▶ Work instruction
Exactly the lines from the one containing "Cute polyester top" through the end of the records must be reproduced; leave out all pictures.

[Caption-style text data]

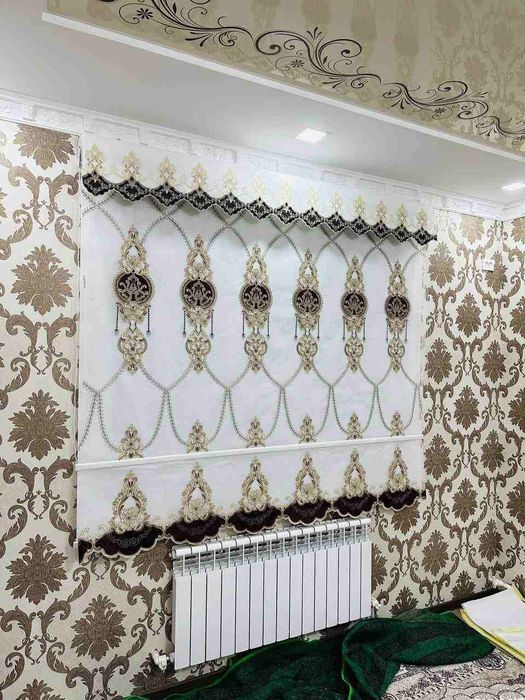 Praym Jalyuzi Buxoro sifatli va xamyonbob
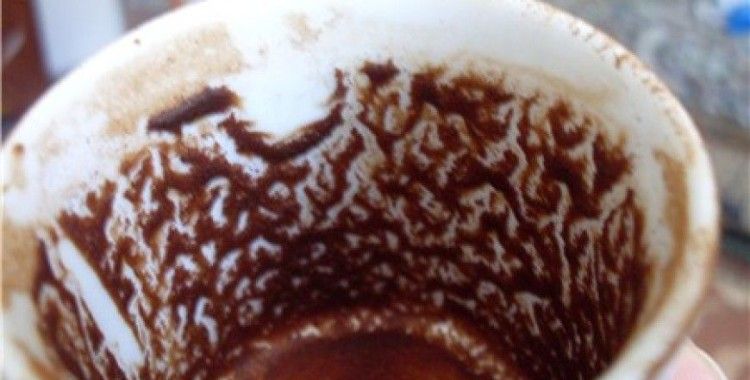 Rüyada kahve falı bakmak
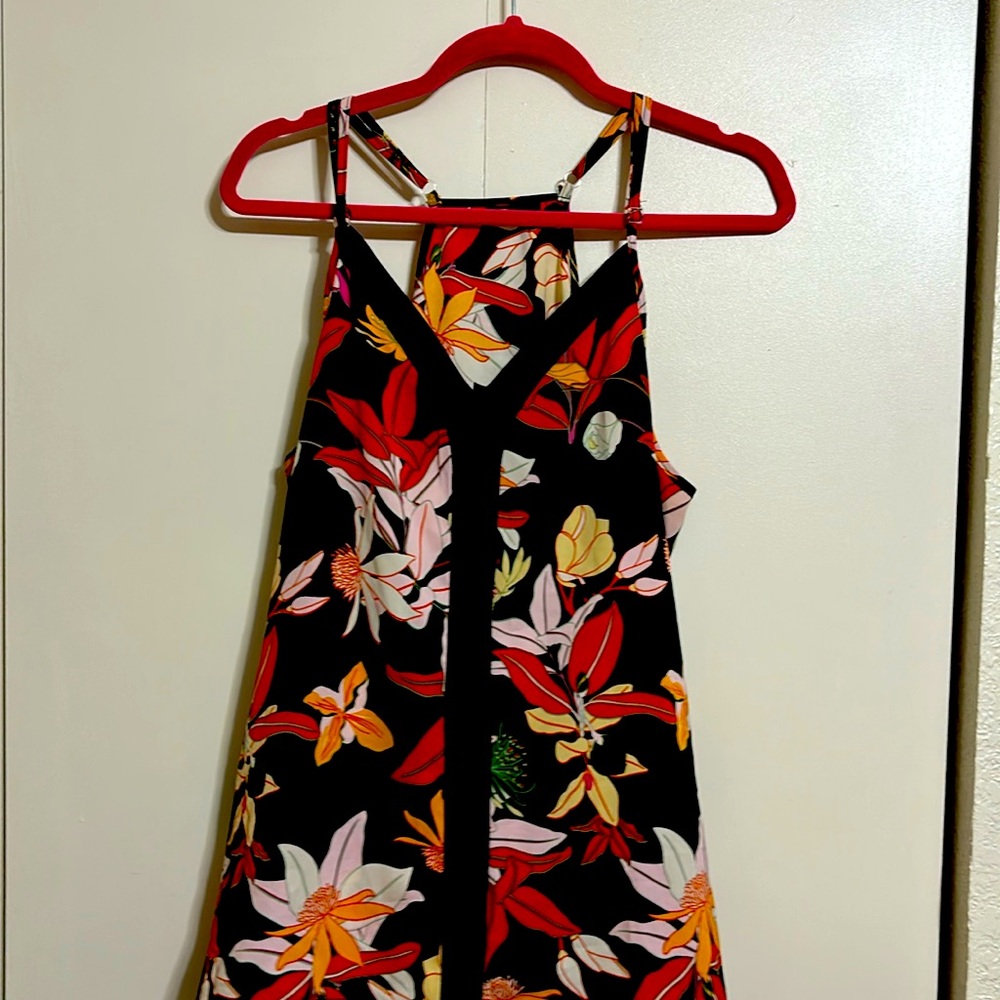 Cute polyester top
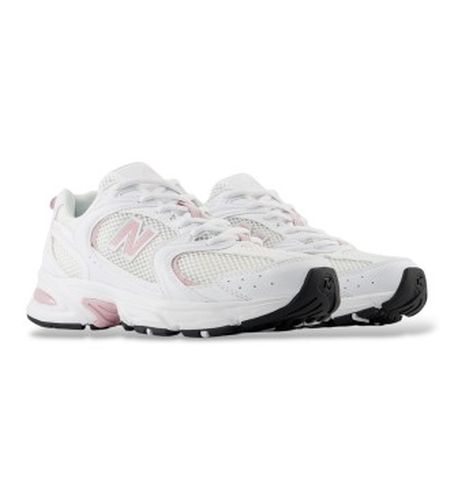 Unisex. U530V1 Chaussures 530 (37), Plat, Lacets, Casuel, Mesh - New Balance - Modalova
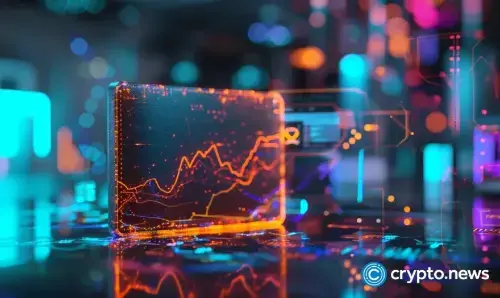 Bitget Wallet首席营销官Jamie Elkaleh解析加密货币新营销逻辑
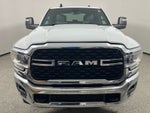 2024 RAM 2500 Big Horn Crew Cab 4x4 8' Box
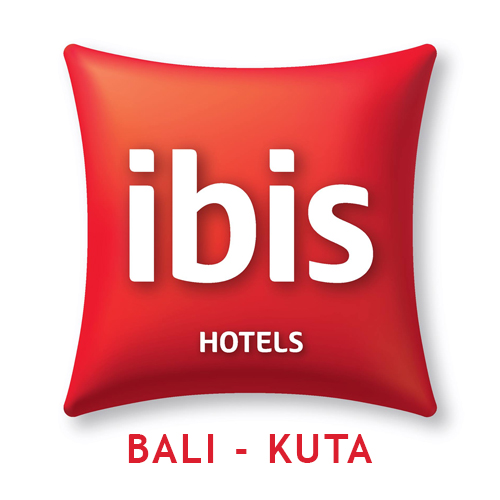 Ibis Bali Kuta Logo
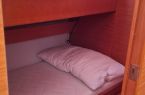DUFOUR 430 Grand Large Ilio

▶ Task result
 Cute polyester top
 Unisex. U530V1 Chaussures 530 (37), Plat, Lacets, Casuel, Mesh - New Balance - Modalova
 Bitget Wallet首席营销官Jamie Elkaleh解析加密货币新营销逻辑
 2024 RAM 2500 Big Horn Crew Cab 4x4 8' Box
 Ibis Bali Kuta Logo
DUFOUR 430 Grand Large Ilio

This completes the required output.